I still love being in Japan, though I’m the first to admit that living here sometimes drives me up a wall. For all of the awkward misunderstandings, cravings for food I can’t find, and impatience in the face of extreme rule-following, this experience has been more than I ever could have wanted, and nothing like I expected.
Over the past year and a half I have seen amazing natural beauty, met people whose kindness and generosity exceeded all logical bounds, and had some truly amazing food. I was pushed to grow as a person and an educator, though I was also forced to admit that teaching is not really for me. I became more comfortable being alone, and less ashamed of wanting company when I’m lonely. And I’ve also cultivated a thirst for knowledge of the world that I know will serve me well no matter where I end up.
For these things and so many more I will always be grateful to Japan, to the JET Programme, to the people I have met, and to the support of everyone back home who never demanded I return (though it was certainly hinted at). And yet, it is time to go.
Many of you may have noticed that my writing has become… well, infrequent would be a kind way of putting it. In the past year I wrote less in general, but a bit more about politics and my feelings on the state of the world. This has been a gradual process, but it hit me a while back that I was taking less joy in writing about my travels than I had in the past. My trips to Taiwan and Ibusuki seemed inconsequential in the face of the massive changes taking place on the world stage. I know this blog is mostly a trip diary, a vehicle for fun photos to send home, but for the past few months I couldn’t find many reasons to write. I was angry, I was scared, and I was losing interest in travel in general.
I knew I had to make a change. So I have decided to leave Japan not because I am done with this country, but because I feel that there is work that must be done elsewhere. If I don’t get off my butt and do it now, I know I will grow to resent the life I have built here. The world is changing, and so must I. I’m tired of reading about what’s happening in the world and feeling like I’m unable to contribute. It’s time to come home and figure out what comes next.
The decision not to stay in Japan may have been a clear one, but that does not mean it was easy. I waited until the last possible day, after I’d come back from a holiday trip home to the states. My school showered me in praise, gave me an excellent performance review, and many of my friends had already decided to stay. So when I told the vice principal of my decision, it was with a heavy heart. I signed the papers and it seemed ridiculous that such a major decision could be reduced to a speedy signature. I had felt confident of my choice until the moment my pen hit the paper, and when I was done I felt a wave of sadness. There’s so much I could still do here, so many people I want to spend more time with. I was close to tears talking with one of my favorite coworkers about how fast the next few months will fly by. It will not be easy, leaving Miyakonojo and Japan, but I still know it’s right.

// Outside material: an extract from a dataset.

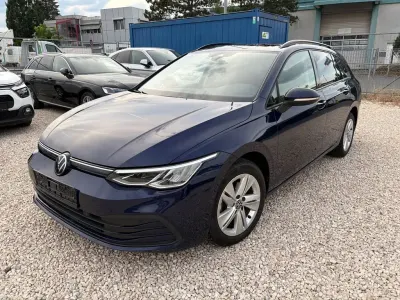 Gebraucht VW Golf VIII Life 131 PS (96 kW) 2023 Blau Kombi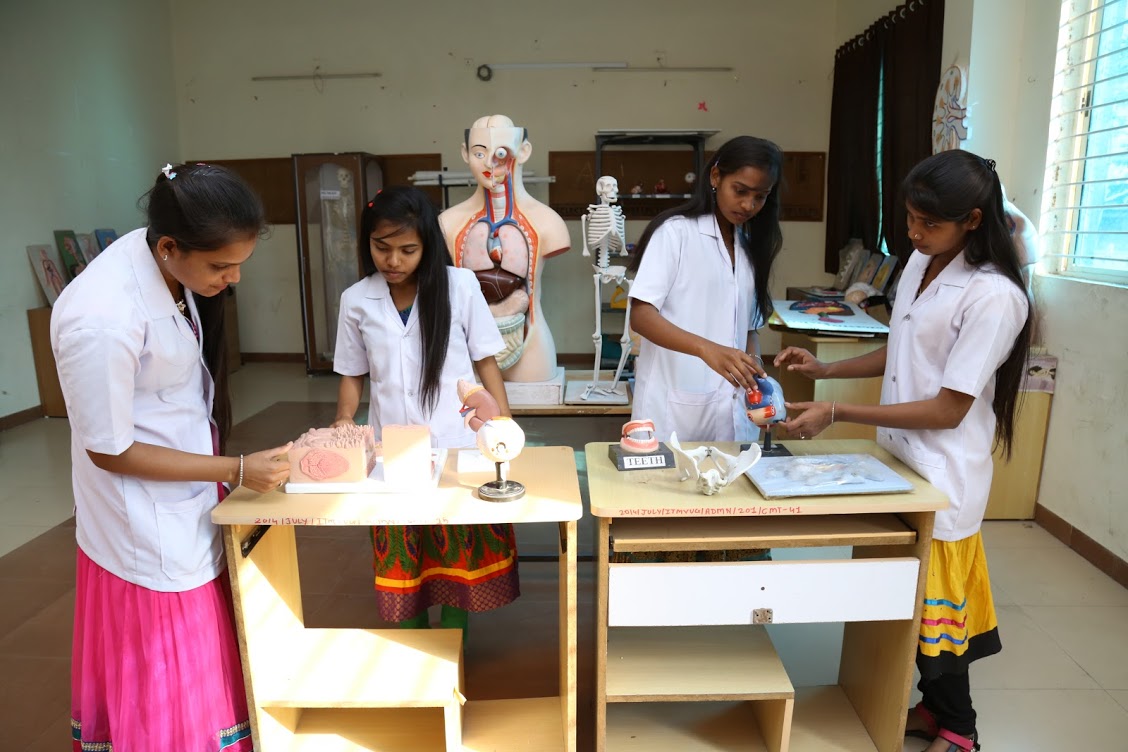 ITM Vocational University Labs(2)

And so, with the end in sight, I’ve resolved to make the most of my time in Japan. A deadline has once again boosted my enthusiasm for travel and made me feel better about writing. The weight of this choice has been lifted, and I feel free to focus on other things. So I’ll be posting more about my travels in the next few months, though I’m likely going to stay away from political writing, at least on this site. I’ve got a few travel plans in the works, and most of my free time these days is spent figuring out my post-JET travel plans. Just because I’m coming home doesn’t mean I’m taking the most direct route!